**Task description**
What is needed is an exact copy of every line from the one with "Phocoena phocoena" to the end of the entries below, without the pictures.

**Supplied data**

============================================================

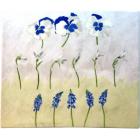 Coffret de 1 coupe carr�e - 29,5x26,5 cm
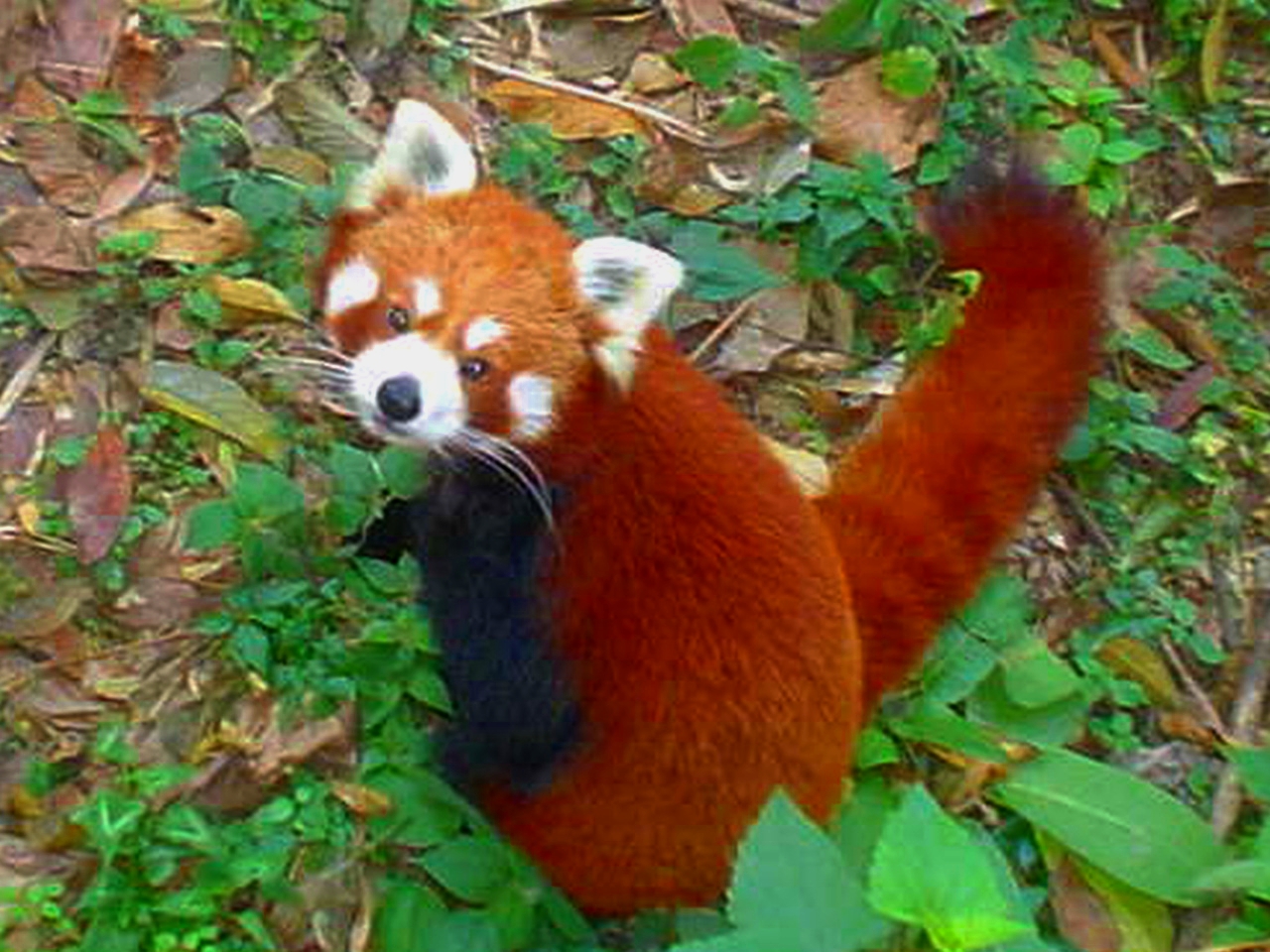 FileRed Pandain Darjiling Zoojpg  Wikimedia Commons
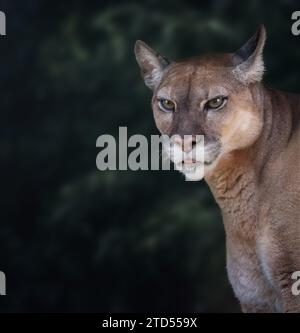 Portrait de Cougar (Puma concolor) également connu sous le nom de Lion de montagne Banque D'Images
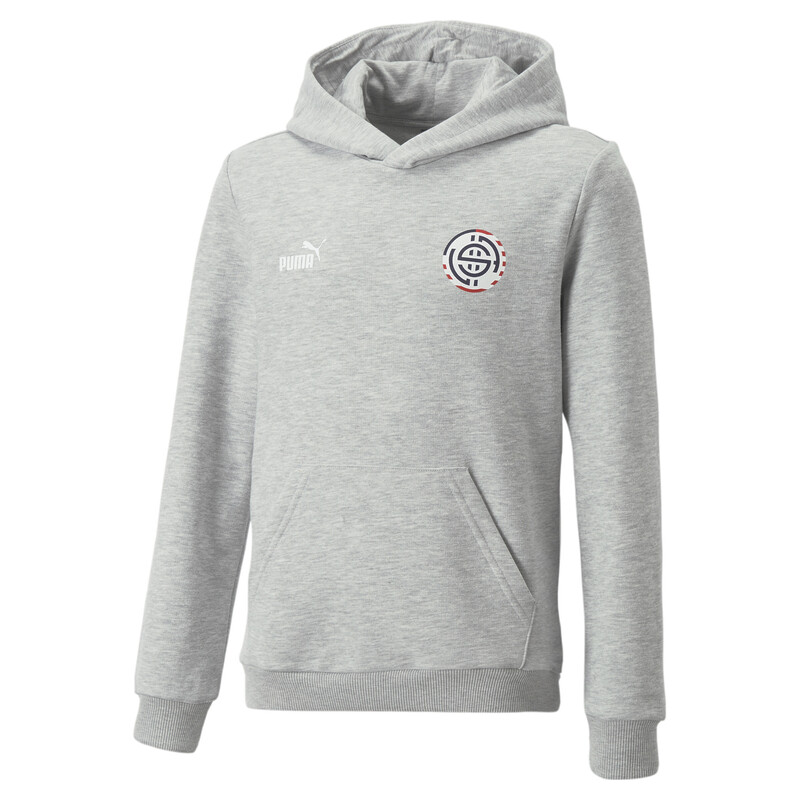 

PUMA ftblCore Fan Youth Hoodie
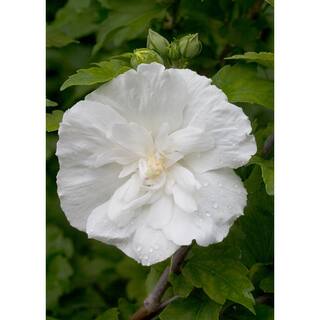 PROVEN WINNERS 4.5 in. qt. White Chiffon Rose of Sharon (Hibiscus) Live Shrub White Flowers HIBPRC2017800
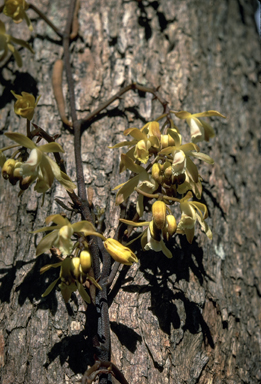 APII jpeg image of Erythrorchis cassythoides  © contact APII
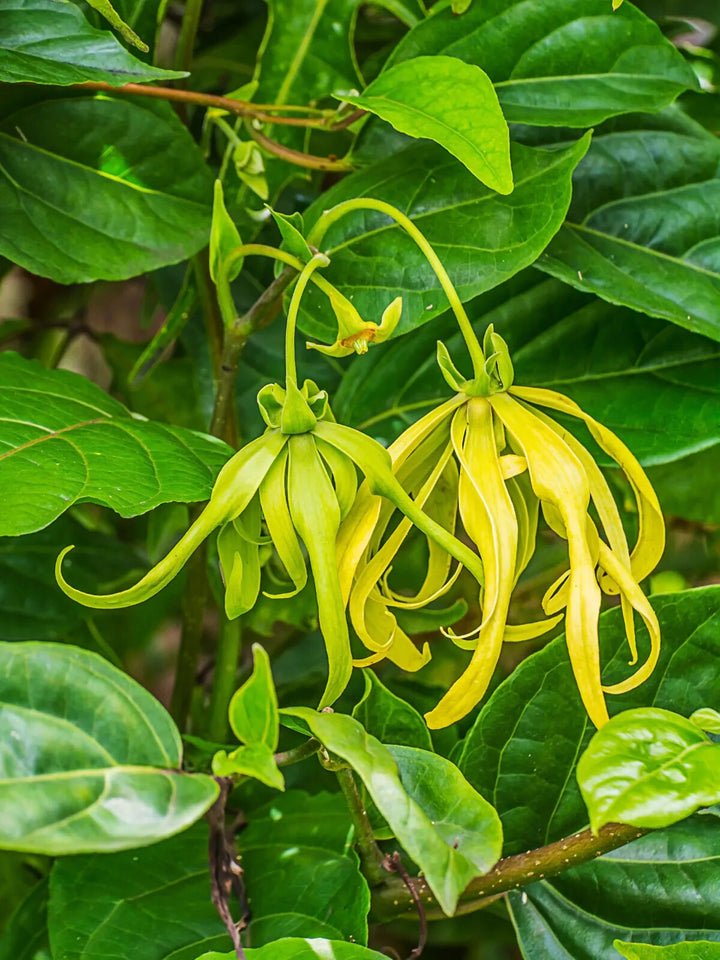 Cananga Odorata Flower Seeds for Planting – Heirloom Non-GMO, High Germination Organic Garden Seeds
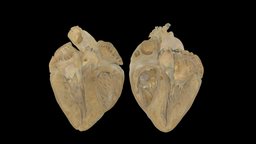 Porcine Heart Anatomical Plane #0001 anatomy-reference, cardiac_anatomy
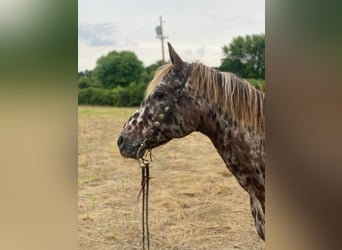 American Quarter Horse, Ruin, 14 Jaar, 140 cm, Donkere-vos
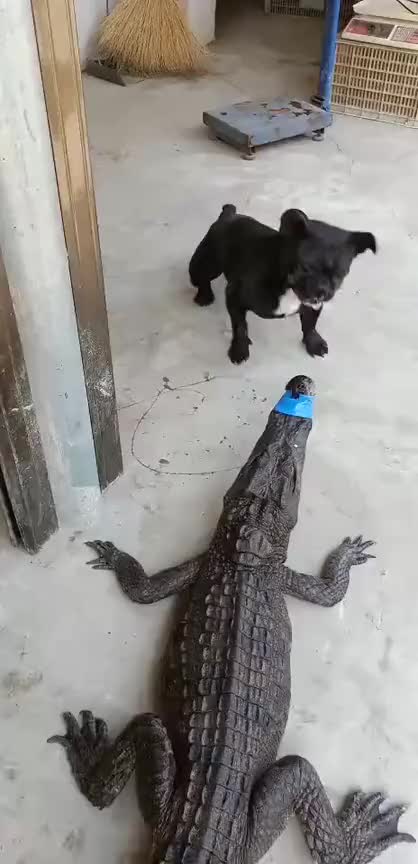 鳄鱼跟狗大战接下来这小狗真猖狂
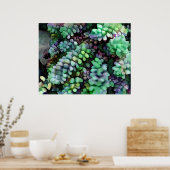 Cool Hued Burro's Tails in the Hot Desert Poster (Keuken)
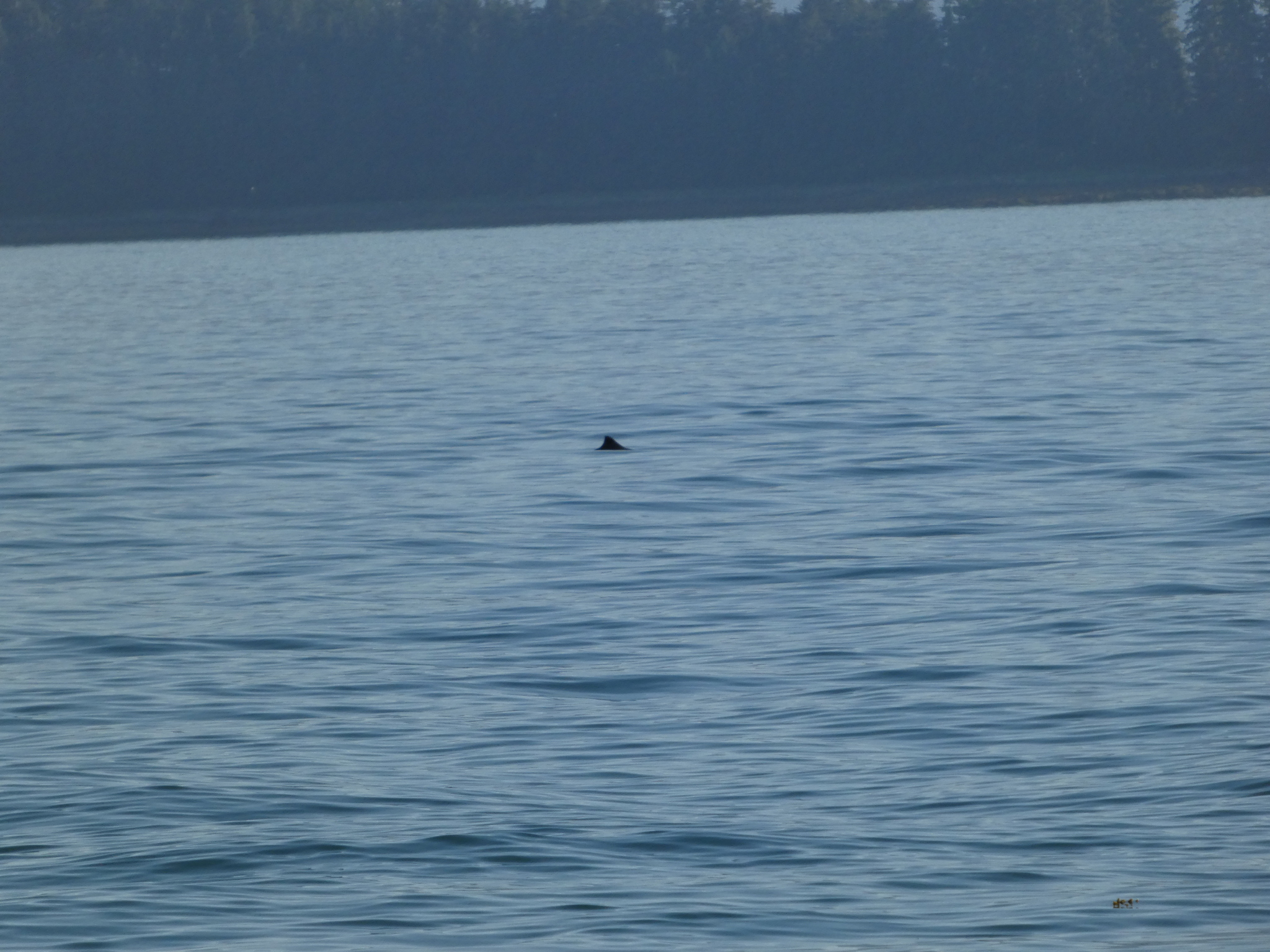 Phocoena phocoena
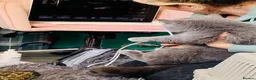 British Shorthair cats for sale: GCCF Registered British Shorthair Kittens - Advert 6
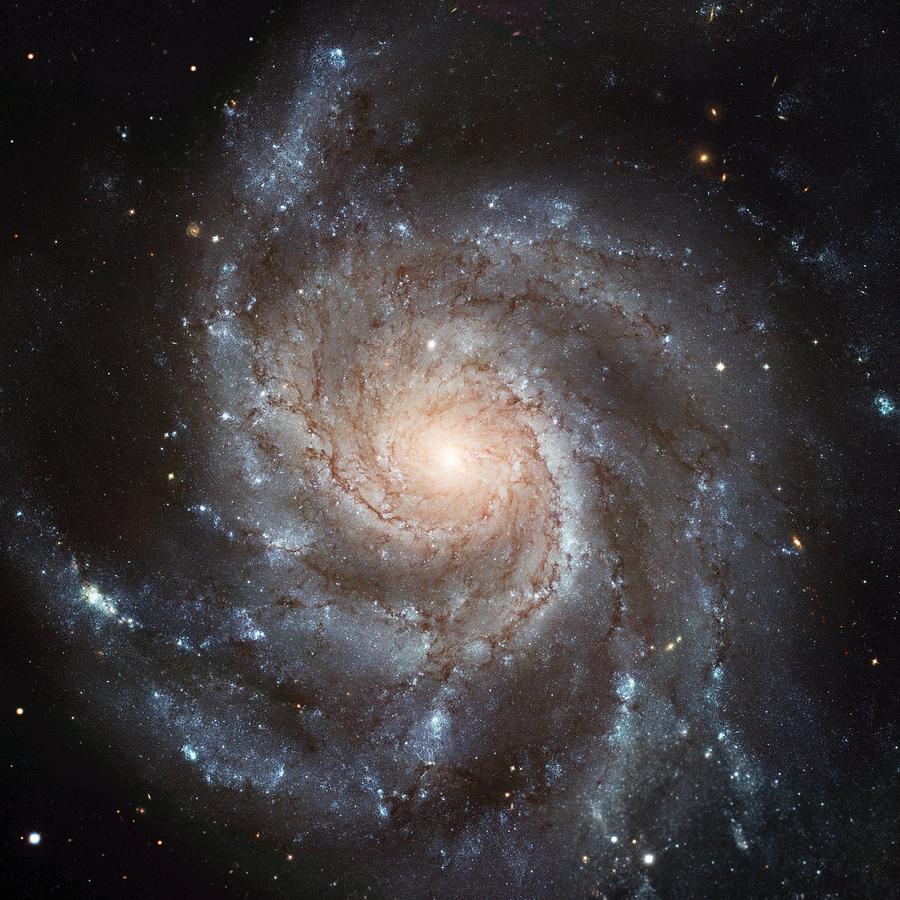 Spiral Galaxy - Messier 77 Photograph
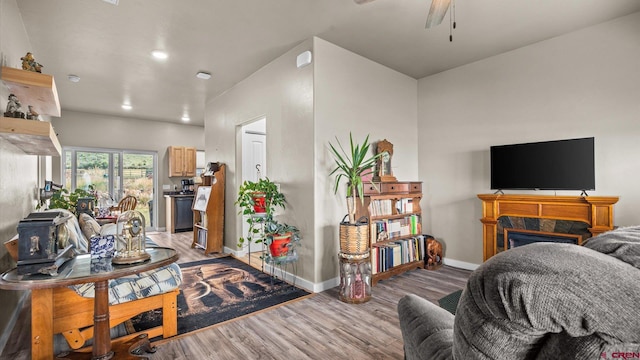 living room with ceiling fan and light wood-type flooring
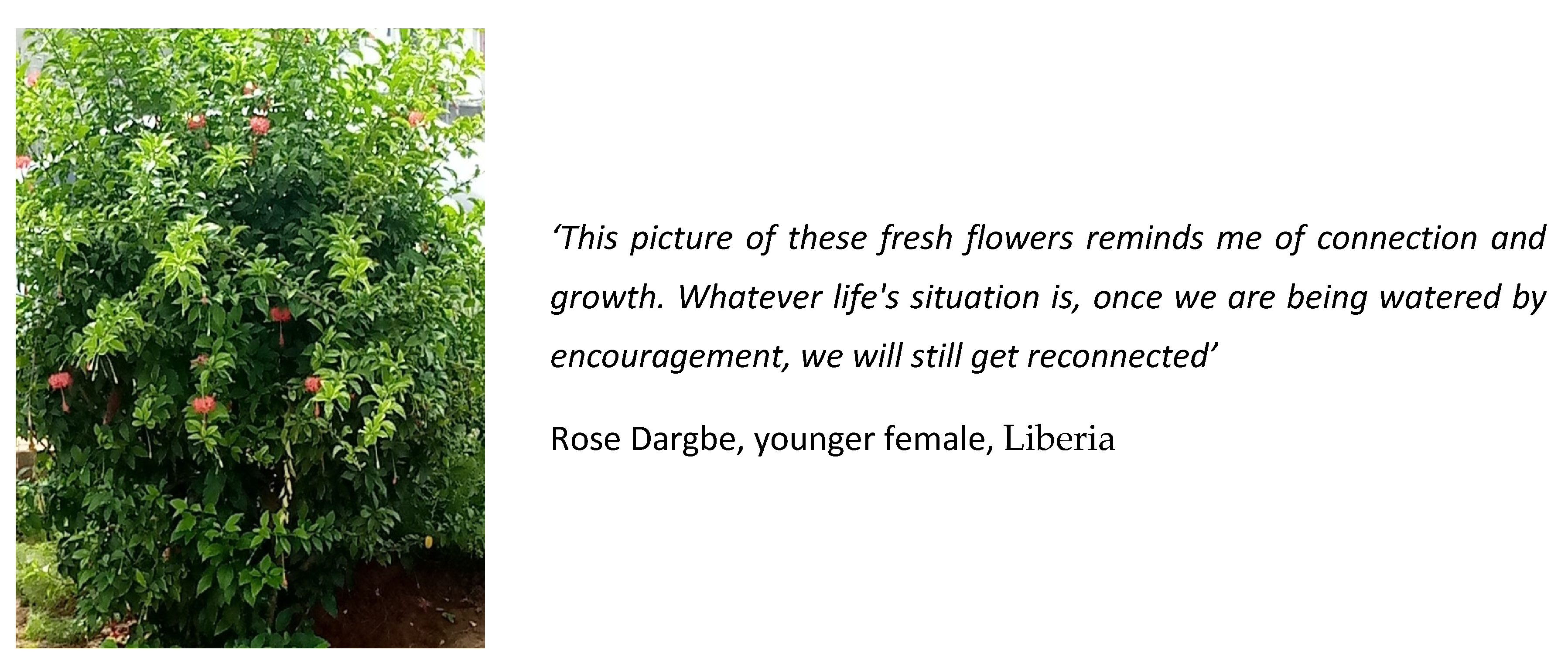 Socsci 11 00378 g018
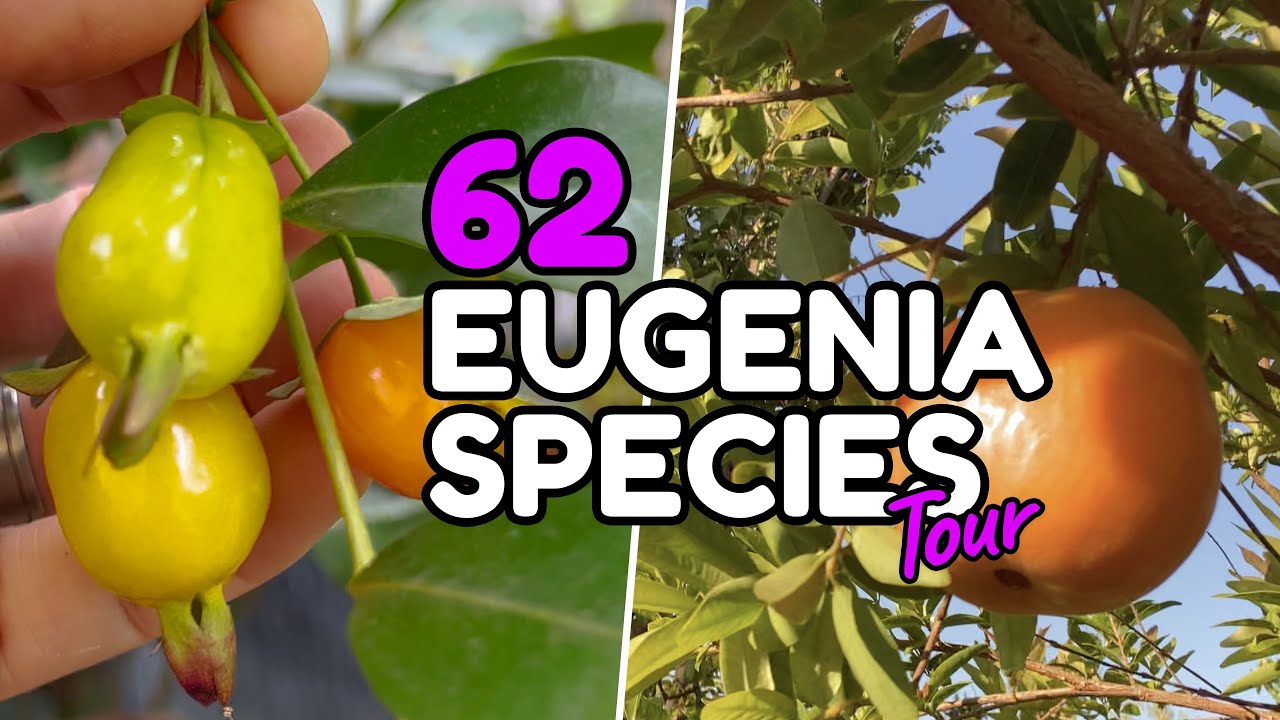 Eugenia yard tour with 62+ species in Southern California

============================================================

**Response to the exercise**
 Phocoena phocoena
 British Shorthair cats for sale: GCCF Registered British Shorthair Kittens - Advert 6
 Spiral Galaxy - Messier 77 Photograph
 living room with ceiling fan and light wood-type flooring
 Socsci 11 00378 g018
 Eugenia yard tour with 62+ species in Southern California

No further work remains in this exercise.